Work instruction: Reproduce the entries beneath exactly, without their images.

══ Stored data ══

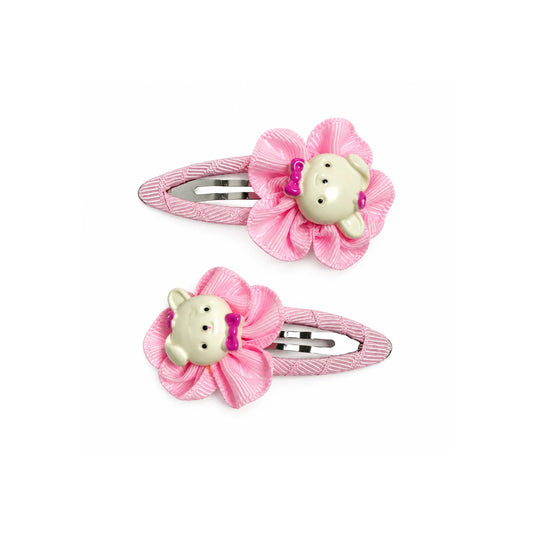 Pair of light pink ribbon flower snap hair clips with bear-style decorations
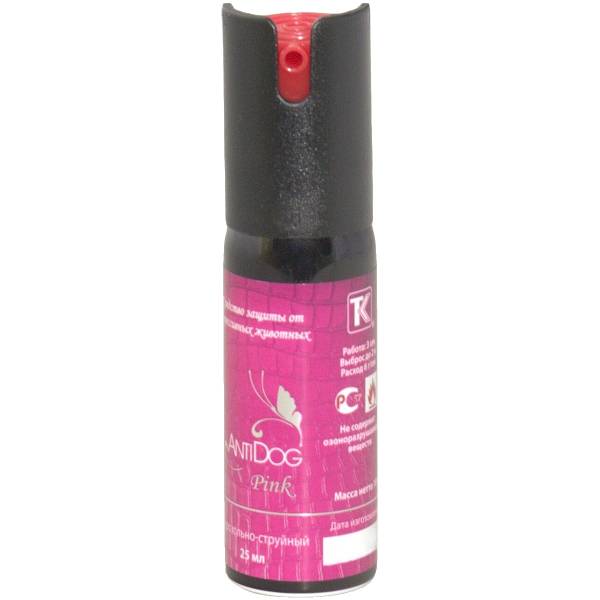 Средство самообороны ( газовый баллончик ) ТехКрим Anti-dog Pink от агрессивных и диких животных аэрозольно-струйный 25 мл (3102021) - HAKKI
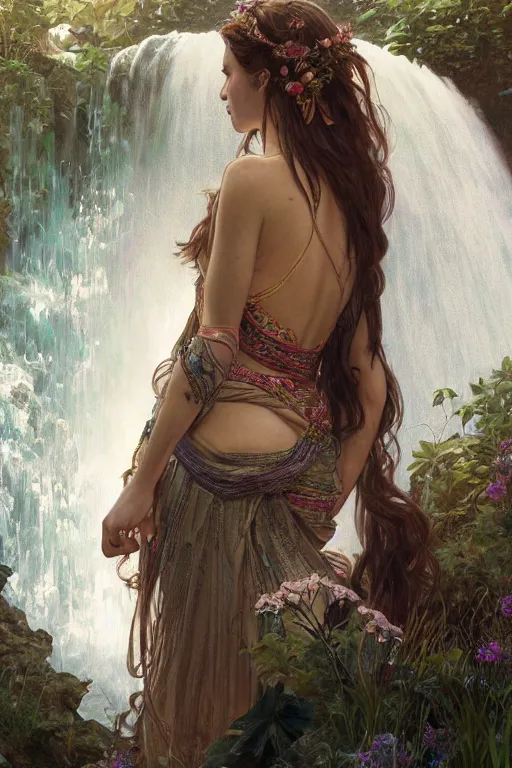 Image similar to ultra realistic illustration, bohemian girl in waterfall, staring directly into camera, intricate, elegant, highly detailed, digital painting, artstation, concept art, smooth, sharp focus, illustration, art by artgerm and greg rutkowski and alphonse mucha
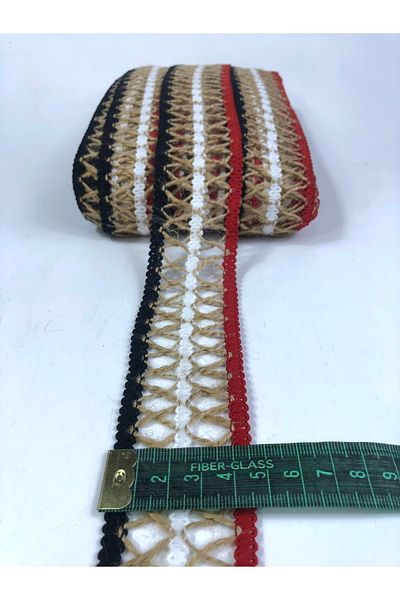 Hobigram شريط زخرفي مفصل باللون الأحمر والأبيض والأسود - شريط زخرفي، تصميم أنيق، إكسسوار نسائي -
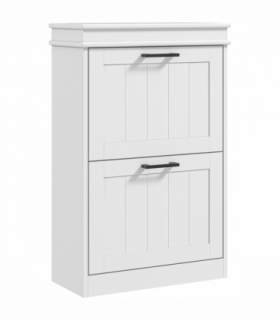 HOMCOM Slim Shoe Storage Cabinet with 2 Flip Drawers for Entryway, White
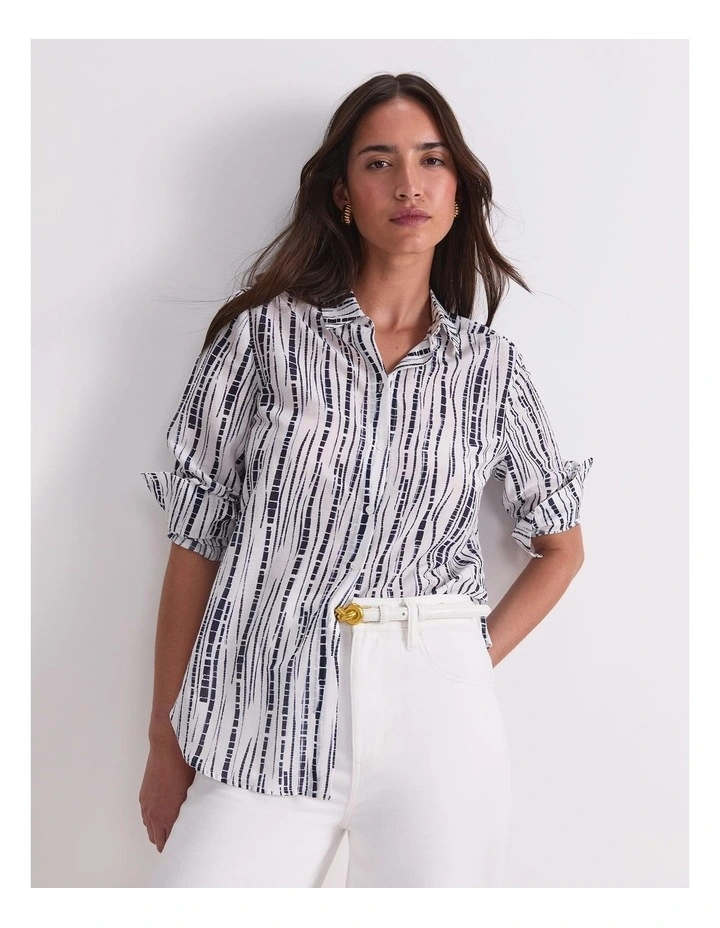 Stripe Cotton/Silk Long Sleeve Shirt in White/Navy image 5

═══

Your solution:
 Pair of light pink ribbon flower snap hair clips with bear-style decorations
 Средство самообороны ( газовый баллончик ) ТехКрим Anti-dog Pink от агрессивных и диких животных аэрозольно-струйный 25 мл (3102021) - HAKKI
 Image similar to ultra realistic illustration, bohemian girl in waterfall, staring directly into camera, intricate, elegant, highly detailed, digital painting, artstation, concept art, smooth, sharp focus, illustration, art by artgerm and greg rutkowski and alphonse mucha
 Hobigram شريط زخرفي مفصل باللون الأحمر والأبيض والأسود - شريط زخرفي، تصميم أنيق، إكسسوار نسائي -
 HOMCOM Slim Shoe Storage Cabinet with 2 Flip Drawers for Entryway, White
 Stripe Cotton/Silk Long Sleeve Shirt in White/Navy image 5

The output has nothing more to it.